Hassan is currently fighting extradition to Moldova. Aslan, 40, posted a chilling message last July hours after Eren was shot. Below popping champagne corks emojis, he warned: "If you are my friend you stay alive, if you are my enemy you will be fd."
Armagan was arrested in Turkey last year where he is wanted for another murder. The latest suspected victim of the battle was Eldal Ozmen, 45, who was gunned down earlier this month a short walk from the Eren restaurant, amid fears it was a revenge attack.

Ozmen was part of the Hackney Bombers and detectives are now understood to be investigating whether the murder was retaliation for the killing of Izzet Eren. A law enforcement source told the Mirror: "I think it's the same war." But the Metropolitan Police said that the motive for the latest murder "remains unclear". No arrests have been made.

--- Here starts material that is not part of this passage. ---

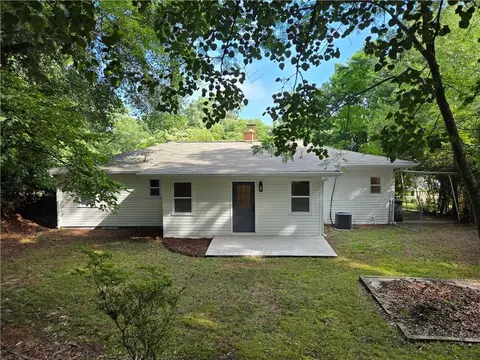 Exterior - 131 Mountain View Dr, Gainesville, GA 30501 photo 4 of 7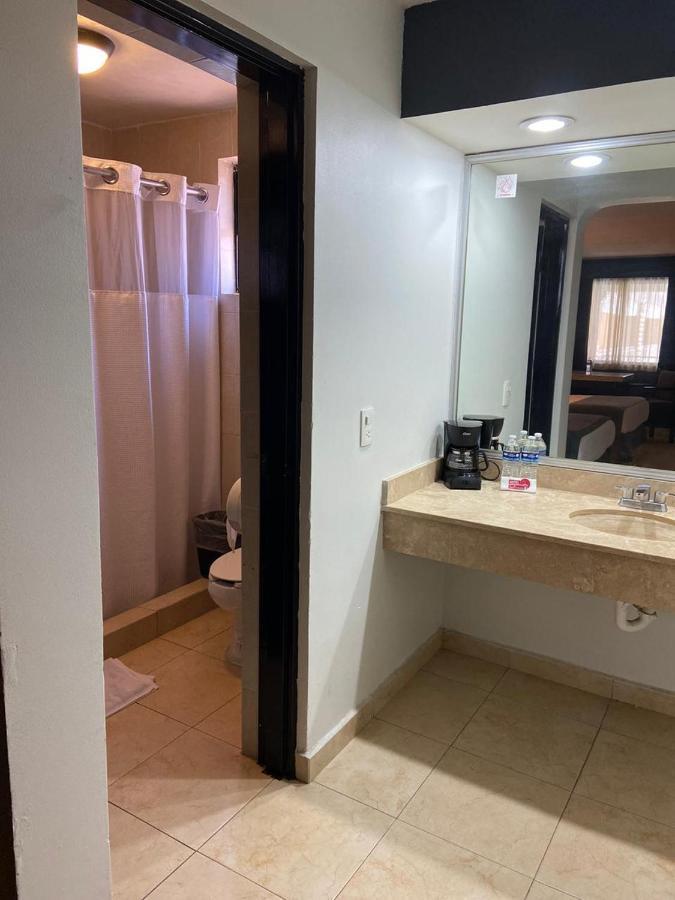 Hotel La Finca Hermosillo Bagian luar foto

CCTV shows the suspected gunmen escaping in a black Kia sport's car with the help of a getaway driver who calmly stops at traffic lights seconds after the shooting. A friend of the dead man said: "Someone shot him in the back then came back and kicked him and shot him another two times. When they left, they waited 25 seconds at the traffic lights. They didn’t hide their face, no masks, nothing."
Kicking the victim after shooting him would appear to signify that this was a crime motivated by emotion rather than money. Mr Dalloway said: "I think historically drugs and firearms have been what fuels this violence but the tensions now have spiralled beyond any drug disputes and it's just an ongoing hatred between the two groups."